Halloween is just a wild weekend for most, but for others it's a year-long occupation
Raven's Grin Inn in the U.S. is a haunted home that scares it guests right through the summer
Halloween Mart, which occupies a 25,000 square feet store in Las Vegas, is open 365 days a year
When the jack-o’-lanterns have all burned out and the candy wrappers have been swept away, Jim Warfield won’t be hanging a “closed” sign in the window of the Raven’s Grin Inn, the haunted mansion he runs in the small Illinois town of Mount Carroll.
With its twisted passageways, secret tunnels and reported sightings of a “Lady in White,” the eerie 19th-century house draws visitors all year long – and Warfield accommodates them.
“I always had a lot of fun with Halloween.
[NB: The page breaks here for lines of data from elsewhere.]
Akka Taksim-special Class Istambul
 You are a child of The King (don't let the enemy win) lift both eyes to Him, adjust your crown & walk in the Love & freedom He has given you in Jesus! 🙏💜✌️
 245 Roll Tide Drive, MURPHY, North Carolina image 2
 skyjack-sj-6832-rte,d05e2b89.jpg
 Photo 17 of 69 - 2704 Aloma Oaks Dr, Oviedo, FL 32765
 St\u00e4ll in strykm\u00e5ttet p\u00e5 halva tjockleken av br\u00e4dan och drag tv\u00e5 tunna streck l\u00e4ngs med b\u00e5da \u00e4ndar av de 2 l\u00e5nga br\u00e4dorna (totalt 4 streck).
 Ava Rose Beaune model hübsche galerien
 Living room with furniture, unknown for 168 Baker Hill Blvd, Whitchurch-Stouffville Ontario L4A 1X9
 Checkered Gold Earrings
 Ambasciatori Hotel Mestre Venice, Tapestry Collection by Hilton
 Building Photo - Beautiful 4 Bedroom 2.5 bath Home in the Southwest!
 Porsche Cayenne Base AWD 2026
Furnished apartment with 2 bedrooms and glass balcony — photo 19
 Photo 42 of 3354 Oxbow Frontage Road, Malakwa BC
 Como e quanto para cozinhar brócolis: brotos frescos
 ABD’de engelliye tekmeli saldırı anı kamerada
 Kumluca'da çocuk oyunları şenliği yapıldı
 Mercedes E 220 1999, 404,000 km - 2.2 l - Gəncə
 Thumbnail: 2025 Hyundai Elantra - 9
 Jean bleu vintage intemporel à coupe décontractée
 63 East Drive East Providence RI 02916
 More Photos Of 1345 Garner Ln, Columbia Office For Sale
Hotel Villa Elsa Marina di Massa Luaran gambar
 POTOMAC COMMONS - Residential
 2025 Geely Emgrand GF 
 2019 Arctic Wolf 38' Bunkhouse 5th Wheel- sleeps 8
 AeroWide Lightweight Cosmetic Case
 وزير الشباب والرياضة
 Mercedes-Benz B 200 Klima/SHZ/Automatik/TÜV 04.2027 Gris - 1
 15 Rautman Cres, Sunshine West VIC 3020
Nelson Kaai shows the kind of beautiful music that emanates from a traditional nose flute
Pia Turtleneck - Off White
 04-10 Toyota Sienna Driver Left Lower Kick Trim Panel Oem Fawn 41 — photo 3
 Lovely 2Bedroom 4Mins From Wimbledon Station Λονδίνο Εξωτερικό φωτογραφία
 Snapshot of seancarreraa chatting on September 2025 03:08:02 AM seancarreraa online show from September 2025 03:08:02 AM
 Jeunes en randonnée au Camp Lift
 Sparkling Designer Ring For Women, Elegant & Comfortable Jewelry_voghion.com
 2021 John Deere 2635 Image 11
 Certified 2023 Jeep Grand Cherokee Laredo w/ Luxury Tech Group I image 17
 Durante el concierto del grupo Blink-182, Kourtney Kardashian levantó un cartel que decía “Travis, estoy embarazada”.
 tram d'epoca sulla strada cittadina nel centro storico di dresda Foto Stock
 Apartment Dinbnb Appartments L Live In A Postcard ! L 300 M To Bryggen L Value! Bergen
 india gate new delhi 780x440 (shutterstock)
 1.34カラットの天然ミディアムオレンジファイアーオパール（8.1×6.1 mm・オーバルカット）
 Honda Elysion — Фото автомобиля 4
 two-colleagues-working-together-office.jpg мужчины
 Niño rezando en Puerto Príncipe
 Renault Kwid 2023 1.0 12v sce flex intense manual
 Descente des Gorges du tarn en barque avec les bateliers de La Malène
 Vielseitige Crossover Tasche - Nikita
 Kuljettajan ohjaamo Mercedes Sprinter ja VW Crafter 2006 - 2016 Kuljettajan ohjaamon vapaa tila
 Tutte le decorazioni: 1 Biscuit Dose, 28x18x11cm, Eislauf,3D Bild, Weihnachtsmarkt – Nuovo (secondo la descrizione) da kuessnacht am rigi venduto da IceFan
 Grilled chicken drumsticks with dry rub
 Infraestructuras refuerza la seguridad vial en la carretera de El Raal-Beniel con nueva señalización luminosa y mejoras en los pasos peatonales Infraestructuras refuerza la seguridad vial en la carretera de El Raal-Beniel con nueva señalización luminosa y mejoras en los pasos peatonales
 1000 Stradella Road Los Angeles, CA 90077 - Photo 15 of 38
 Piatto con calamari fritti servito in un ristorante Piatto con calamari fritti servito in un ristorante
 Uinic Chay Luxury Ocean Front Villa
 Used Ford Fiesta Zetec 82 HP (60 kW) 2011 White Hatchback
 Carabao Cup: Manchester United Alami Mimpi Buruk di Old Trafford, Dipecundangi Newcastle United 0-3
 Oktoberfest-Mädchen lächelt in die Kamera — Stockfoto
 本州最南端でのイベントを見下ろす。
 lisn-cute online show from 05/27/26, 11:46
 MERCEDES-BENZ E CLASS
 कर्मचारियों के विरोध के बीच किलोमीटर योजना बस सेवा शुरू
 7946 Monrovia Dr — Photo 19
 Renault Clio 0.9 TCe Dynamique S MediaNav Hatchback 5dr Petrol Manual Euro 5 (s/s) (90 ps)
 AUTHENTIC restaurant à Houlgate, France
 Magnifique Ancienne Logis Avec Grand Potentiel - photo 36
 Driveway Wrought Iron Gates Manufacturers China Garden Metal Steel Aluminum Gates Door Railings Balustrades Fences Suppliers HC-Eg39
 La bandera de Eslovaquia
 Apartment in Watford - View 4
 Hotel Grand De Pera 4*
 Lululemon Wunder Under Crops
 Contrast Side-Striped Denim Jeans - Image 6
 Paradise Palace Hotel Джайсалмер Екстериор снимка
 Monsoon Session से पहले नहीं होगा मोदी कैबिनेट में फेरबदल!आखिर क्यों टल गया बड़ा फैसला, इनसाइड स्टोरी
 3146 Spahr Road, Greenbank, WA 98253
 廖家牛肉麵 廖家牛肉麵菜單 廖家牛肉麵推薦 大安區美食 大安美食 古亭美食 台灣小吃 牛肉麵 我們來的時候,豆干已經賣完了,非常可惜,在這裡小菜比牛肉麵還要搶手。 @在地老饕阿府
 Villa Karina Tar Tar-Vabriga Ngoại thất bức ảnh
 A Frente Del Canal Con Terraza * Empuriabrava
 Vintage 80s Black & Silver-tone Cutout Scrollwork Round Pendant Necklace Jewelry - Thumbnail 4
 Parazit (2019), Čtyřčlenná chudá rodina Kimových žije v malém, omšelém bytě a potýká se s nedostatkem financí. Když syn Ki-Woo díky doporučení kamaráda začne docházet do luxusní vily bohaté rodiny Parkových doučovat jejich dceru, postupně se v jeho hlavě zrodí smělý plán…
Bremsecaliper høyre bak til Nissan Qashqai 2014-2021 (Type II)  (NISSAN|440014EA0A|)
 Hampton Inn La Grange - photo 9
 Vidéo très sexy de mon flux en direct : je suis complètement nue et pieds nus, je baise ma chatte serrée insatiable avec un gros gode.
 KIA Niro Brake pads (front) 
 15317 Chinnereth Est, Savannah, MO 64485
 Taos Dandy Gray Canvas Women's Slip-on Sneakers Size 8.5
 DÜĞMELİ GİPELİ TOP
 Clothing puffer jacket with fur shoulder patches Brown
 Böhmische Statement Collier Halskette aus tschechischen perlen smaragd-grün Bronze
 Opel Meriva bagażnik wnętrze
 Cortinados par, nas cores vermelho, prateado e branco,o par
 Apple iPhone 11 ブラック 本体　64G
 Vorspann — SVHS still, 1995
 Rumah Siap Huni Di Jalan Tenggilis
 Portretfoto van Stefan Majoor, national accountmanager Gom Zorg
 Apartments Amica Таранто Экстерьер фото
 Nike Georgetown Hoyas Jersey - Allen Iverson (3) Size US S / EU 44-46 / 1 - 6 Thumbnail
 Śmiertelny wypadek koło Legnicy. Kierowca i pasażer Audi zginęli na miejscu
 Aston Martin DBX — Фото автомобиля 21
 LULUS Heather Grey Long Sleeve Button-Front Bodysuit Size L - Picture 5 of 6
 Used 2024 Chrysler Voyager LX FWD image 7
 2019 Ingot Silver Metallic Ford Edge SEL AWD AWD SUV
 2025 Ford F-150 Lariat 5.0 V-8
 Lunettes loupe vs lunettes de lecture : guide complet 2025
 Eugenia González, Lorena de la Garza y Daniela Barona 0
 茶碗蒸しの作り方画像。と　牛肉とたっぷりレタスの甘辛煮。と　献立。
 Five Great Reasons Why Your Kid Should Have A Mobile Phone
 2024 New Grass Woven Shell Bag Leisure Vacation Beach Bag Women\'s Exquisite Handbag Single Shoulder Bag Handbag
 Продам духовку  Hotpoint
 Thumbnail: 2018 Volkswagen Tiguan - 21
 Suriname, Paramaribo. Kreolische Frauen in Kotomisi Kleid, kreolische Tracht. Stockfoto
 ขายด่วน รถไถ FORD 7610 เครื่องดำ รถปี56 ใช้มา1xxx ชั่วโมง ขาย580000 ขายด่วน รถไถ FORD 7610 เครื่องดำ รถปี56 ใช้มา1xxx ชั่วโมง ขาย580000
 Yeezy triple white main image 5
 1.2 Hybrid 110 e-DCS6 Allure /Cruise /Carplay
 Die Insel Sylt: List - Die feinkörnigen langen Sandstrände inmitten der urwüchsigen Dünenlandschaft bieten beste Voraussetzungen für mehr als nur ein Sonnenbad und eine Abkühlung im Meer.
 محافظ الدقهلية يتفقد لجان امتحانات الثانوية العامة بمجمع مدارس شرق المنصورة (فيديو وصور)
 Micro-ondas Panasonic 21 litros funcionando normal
I couldn’t figure out why we could only do one week or one night,” says the 63-year-old Warfield, who escorts tours through the spooky mansion all year, even when summer is in full swing. “Why not try to have as much fun as you can?”
For those who relish the macabre and dressing up, October 31 doesn’t have to spell the end of the fright season. From ghostly attractions to Halloween specialty shops, a small contingent of businesses can make it a year-long holiday.
Costumes for every season
Once November hits, Heather George, vice president of Halloween Mart, a store that sells costumes, decorations and props, barely has time to take a breath before she’s at her first trade show, getting ready to place orders for the next Halloween season.
Halloween Mart, which occupies 25,000 square feet of retail space in Las Vegas, is open year-round. October is by far the store’s busiest month, she says, but business is brisk the rest of the year.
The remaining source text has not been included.